El beso fue agresivo y descendió con fuerza.
Estrella trataba de esquivarlo continuamente, pero entre más se movía, más dominante se volvía Alonso.
Su sabor lo fascinaba, y le hacía perder el control...
Justo cuando Alonso estaba a punto de perder los estribos por completo, el mayordomo entró corriendo apresuradamente.
—¡Señor!
Al ver la escena ante sus ojos, el mayordomo dio un respingo del susto y se giró de inmediato para darles la espalda.
Interrumpido, Alonso mostró un rostro lleno de furia sombría.
—¡Lárgate!
—Pero ha llegado mucha gente afuera, son ingleses —el mayordomo también quería largarse.
Pero al ver que afuera había, por lo menos, unas cincuenta personas, no tuvo más remedio que arriesgarse a informar.
Al escuchar que habían llegado muchos ingleses, Alonso se detuvo por completo.
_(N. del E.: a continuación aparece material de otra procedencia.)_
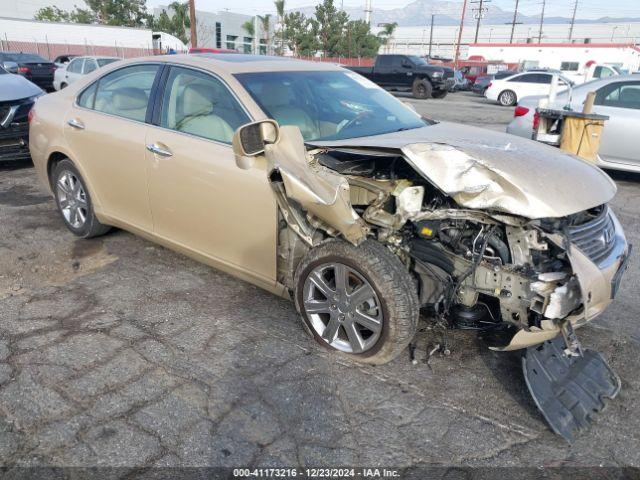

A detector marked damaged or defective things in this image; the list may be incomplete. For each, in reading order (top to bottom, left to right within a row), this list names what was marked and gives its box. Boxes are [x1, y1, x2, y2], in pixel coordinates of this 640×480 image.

crumpled hood [0, 74, 42, 101]
crumpled hood [312, 121, 616, 218]
damaged gold sedan [30, 53, 632, 438]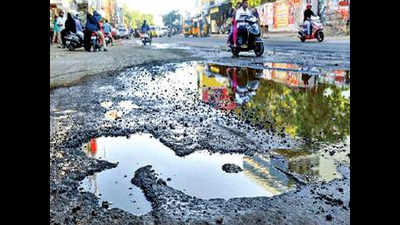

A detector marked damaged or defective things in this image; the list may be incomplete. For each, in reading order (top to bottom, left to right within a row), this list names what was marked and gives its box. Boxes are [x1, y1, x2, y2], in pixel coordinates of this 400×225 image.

water-filled pothole [79, 134, 298, 214]
damaged asphalt road [50, 37, 350, 225]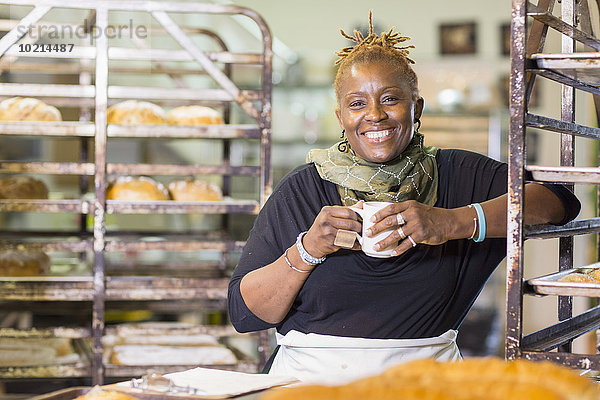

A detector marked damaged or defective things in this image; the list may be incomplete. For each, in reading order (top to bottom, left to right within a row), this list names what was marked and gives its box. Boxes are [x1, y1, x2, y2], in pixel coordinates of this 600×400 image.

rusty metal frame [0, 0, 274, 384]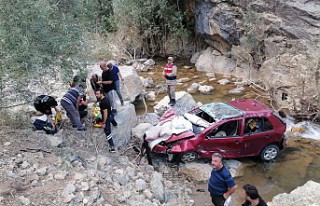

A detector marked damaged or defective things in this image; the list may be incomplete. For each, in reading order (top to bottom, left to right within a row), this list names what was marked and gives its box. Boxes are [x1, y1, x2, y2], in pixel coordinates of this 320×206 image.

crashed red hatchback [145, 98, 288, 163]
shattered windshield [200, 102, 245, 121]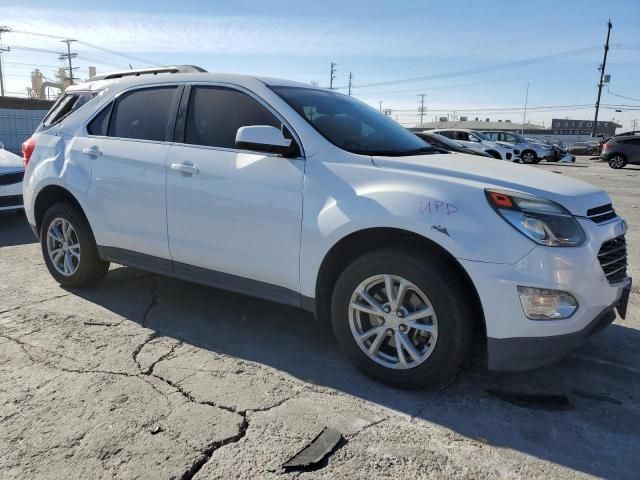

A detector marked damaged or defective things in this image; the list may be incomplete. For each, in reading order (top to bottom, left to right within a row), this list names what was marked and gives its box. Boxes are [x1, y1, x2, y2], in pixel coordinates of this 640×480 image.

cracked asphalt [0, 157, 636, 476]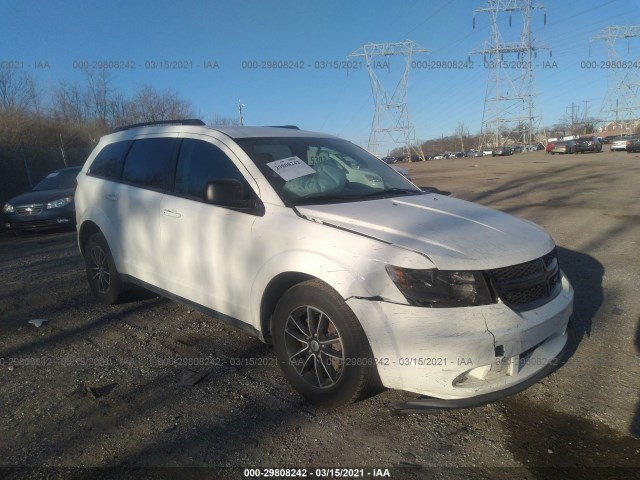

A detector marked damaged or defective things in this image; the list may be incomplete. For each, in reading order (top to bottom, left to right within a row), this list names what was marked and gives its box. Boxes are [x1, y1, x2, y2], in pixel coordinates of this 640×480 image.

damaged front bumper [348, 272, 572, 406]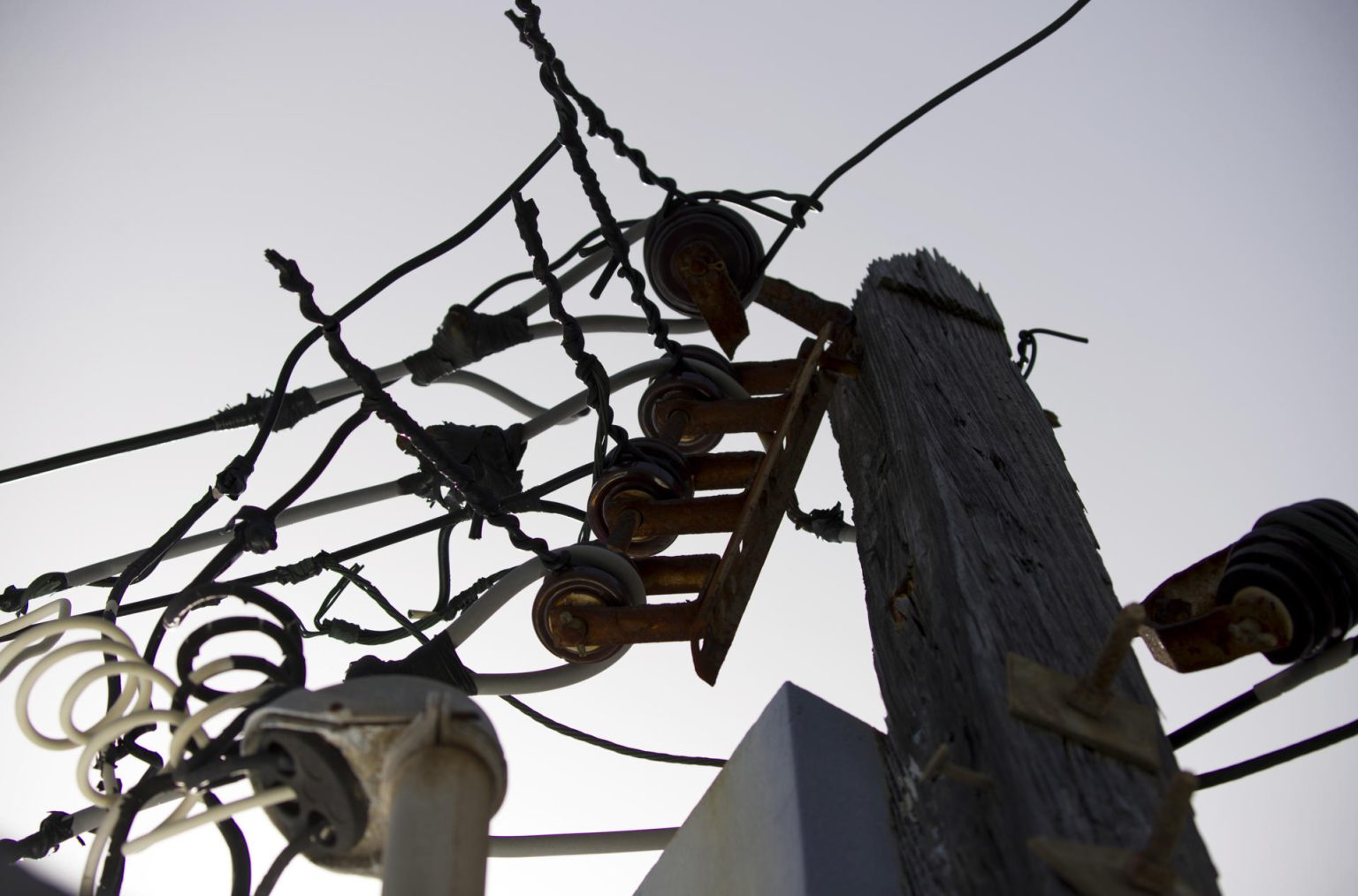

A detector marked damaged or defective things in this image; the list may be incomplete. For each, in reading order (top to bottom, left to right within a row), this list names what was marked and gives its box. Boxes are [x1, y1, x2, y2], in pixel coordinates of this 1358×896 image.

rusted mounting plate [690, 325, 847, 681]
rusty metal bracket [690, 325, 847, 681]
rusty metal bracket [1141, 543, 1287, 667]
rusty metal bracket [1004, 605, 1162, 771]
rusted mounting plate [1004, 654, 1162, 771]
rusty metal bracket [1026, 771, 1200, 896]
rusted mounting plate [1026, 841, 1200, 896]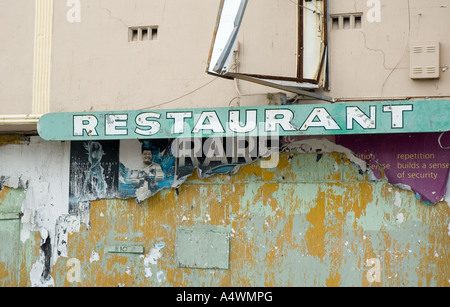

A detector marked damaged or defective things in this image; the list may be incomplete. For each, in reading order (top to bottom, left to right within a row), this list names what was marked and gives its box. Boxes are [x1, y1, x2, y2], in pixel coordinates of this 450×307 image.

torn poster [336, 132, 450, 205]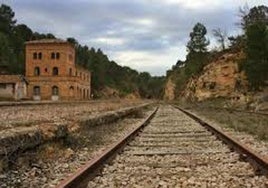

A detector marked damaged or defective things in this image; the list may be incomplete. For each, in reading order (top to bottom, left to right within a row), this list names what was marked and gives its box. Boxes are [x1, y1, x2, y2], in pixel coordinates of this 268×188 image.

rusty rail [55, 106, 158, 187]
rusty rail [174, 105, 268, 176]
Con el rostro ensombrecido, se apartó de Estrella.
Estrella se incorporó en el sofá, levantó la mano y le propinó otra cachetada en el rostro a Alonso.
La expresión de Alonso se volvió terriblemente pesada al recibir el golpe.
La miró y, una vez más, la agarró de la muñeca.
—¿Cuántas cachetadas van hoy?
Estrella intentó retirar su mano, ¡pero no pudo moverla!
—Podrías elegir no ser golpeado.
Al ver su actitud feroz, Alonso soltó una carcajada.
—Si mi mujer quiere pegar, que pegue. Ya hasta me diste veneno, ¿qué son dos cachetadas?
Diciendo esto, soltó a Estrella.
—¡Eres un loco! —espetó Estrella.
No podía ni proteger a su propia esposa, pero quería atarla a su lado con métodos de psicópata.
«¡Sinvergüenza!»
—Qué bueno que sepas que soy un sinvergüenza, ¿eh? —replicó Alonso.
—......
Alonso lanzó una mirada al mayordomo; este sintió que el corazón le temblaba ante semejante frialdad.